Output only the lines that run from the line holding "KT Ssumday EKKO" to the end of the entries, both ends included, and skip the pictures.
====== SUPPLIED DATA ======
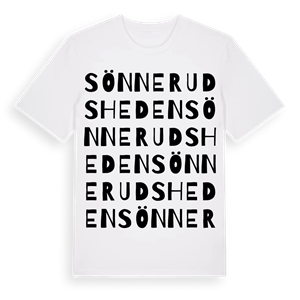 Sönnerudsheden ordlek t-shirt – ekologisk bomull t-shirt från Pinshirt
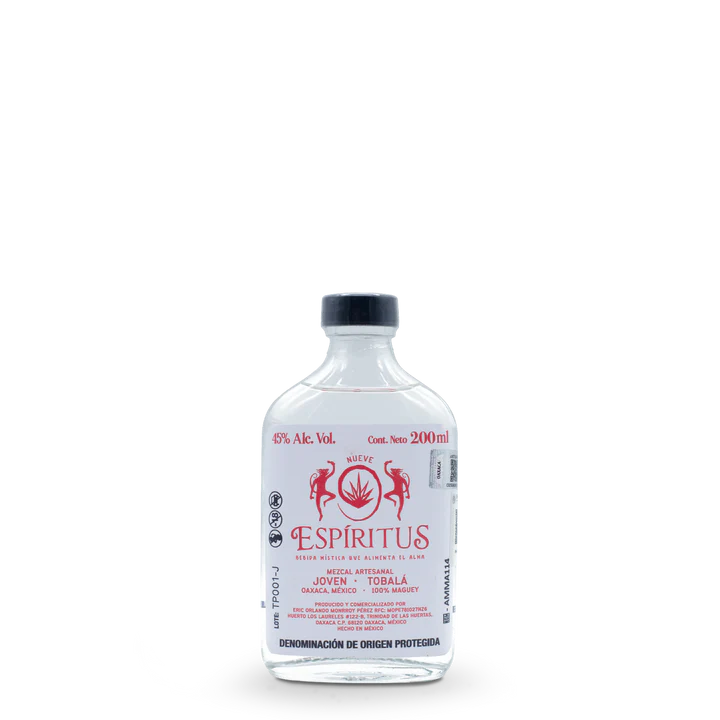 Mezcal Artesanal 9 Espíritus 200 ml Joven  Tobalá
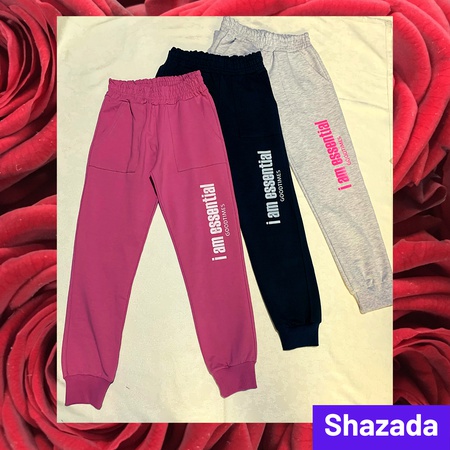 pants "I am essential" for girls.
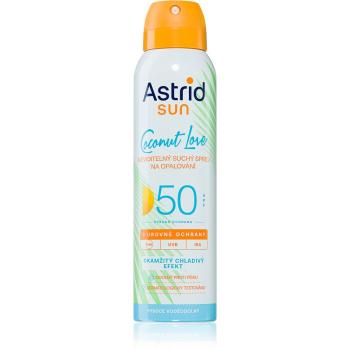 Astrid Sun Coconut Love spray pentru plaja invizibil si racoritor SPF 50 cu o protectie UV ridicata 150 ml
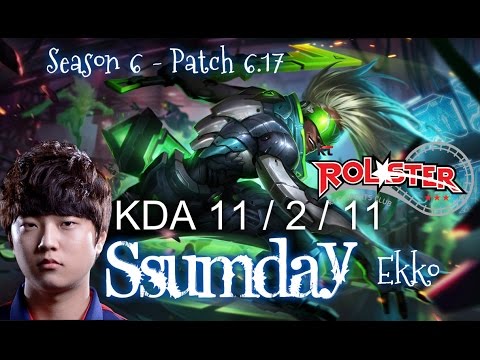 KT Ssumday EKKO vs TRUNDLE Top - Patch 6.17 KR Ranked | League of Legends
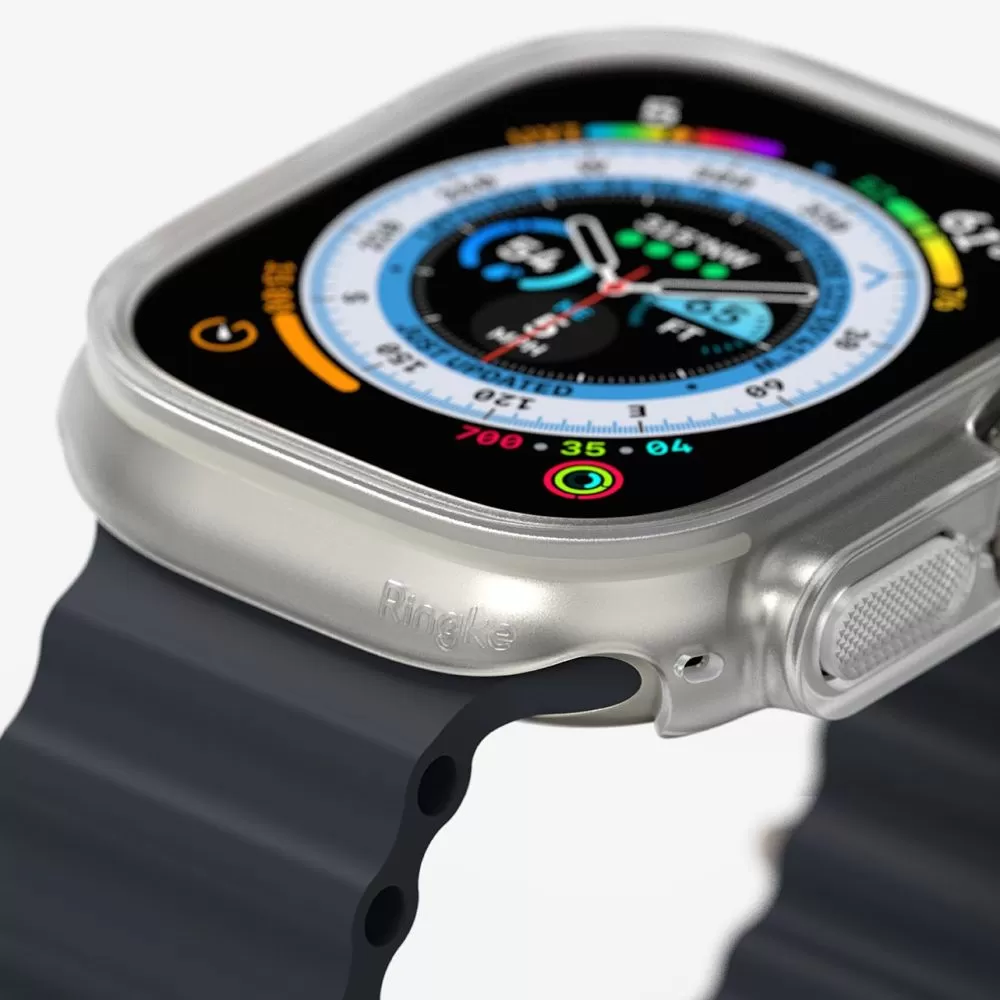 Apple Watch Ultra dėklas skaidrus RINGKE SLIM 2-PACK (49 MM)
======
▶ [TASK ANSWER]:
 KT Ssumday EKKO vs TRUNDLE Top - Patch 6.17 KR Ranked | League of Legends
 Apple Watch Ultra dėklas skaidrus RINGKE SLIM 2-PACK (49 MM)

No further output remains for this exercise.